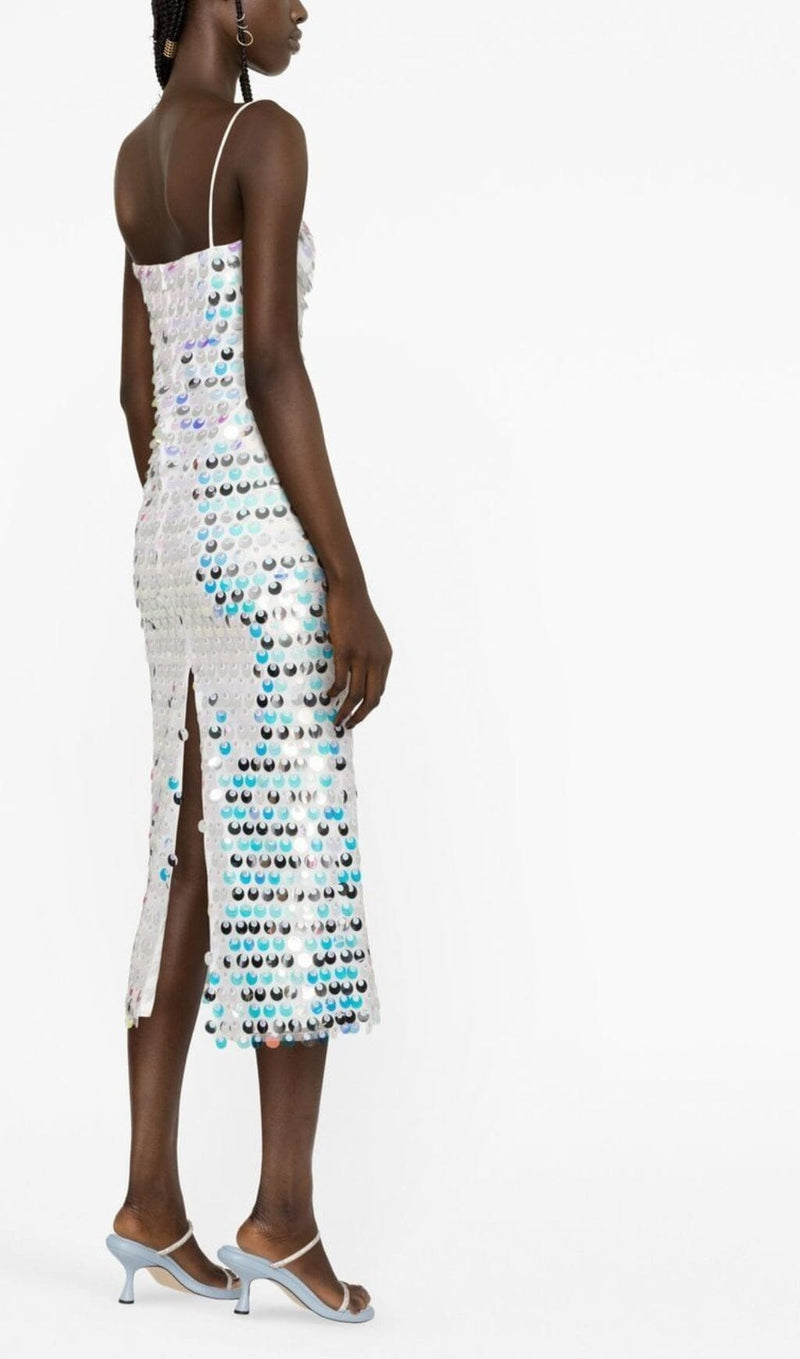 SEQUIN-EMBELLISHED SLEEVELESS MIDI DRESS IN BLUE DRESS STYLE OF CB 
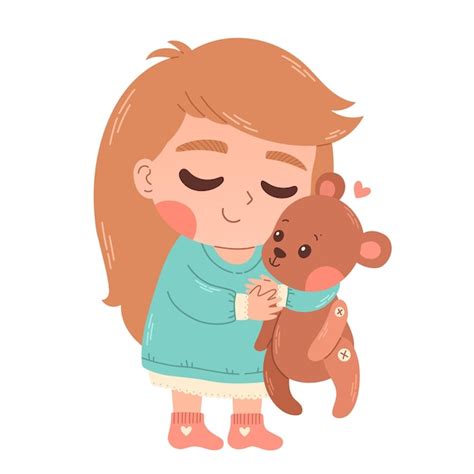 Ni A Abrazando Al Oso De Peluche Personaje De Dibujos Animados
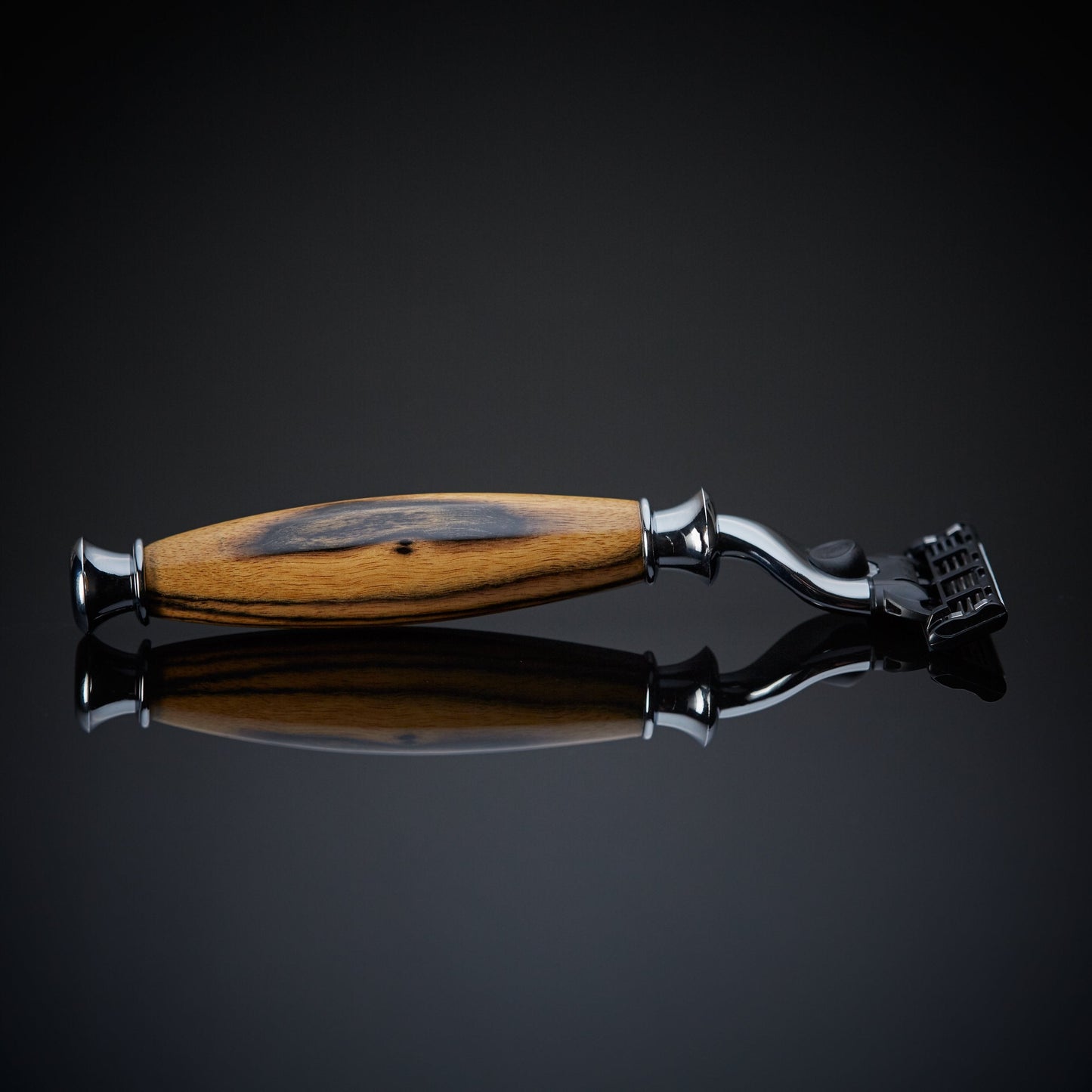 handmade razor for Gillette mach 3 black and white ebony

● ● ●

Through to the final line, copy the material above exactly and skip the images.

● **Answer to this exercise**
 SEQUIN-EMBELLISHED SLEEVELESS MIDI DRESS IN BLUE DRESS STYLE OF CB 
 Ni A Abrazando Al Oso De Peluche Personaje De Dibujos Animados
 handmade razor for Gillette mach 3 black and white ebony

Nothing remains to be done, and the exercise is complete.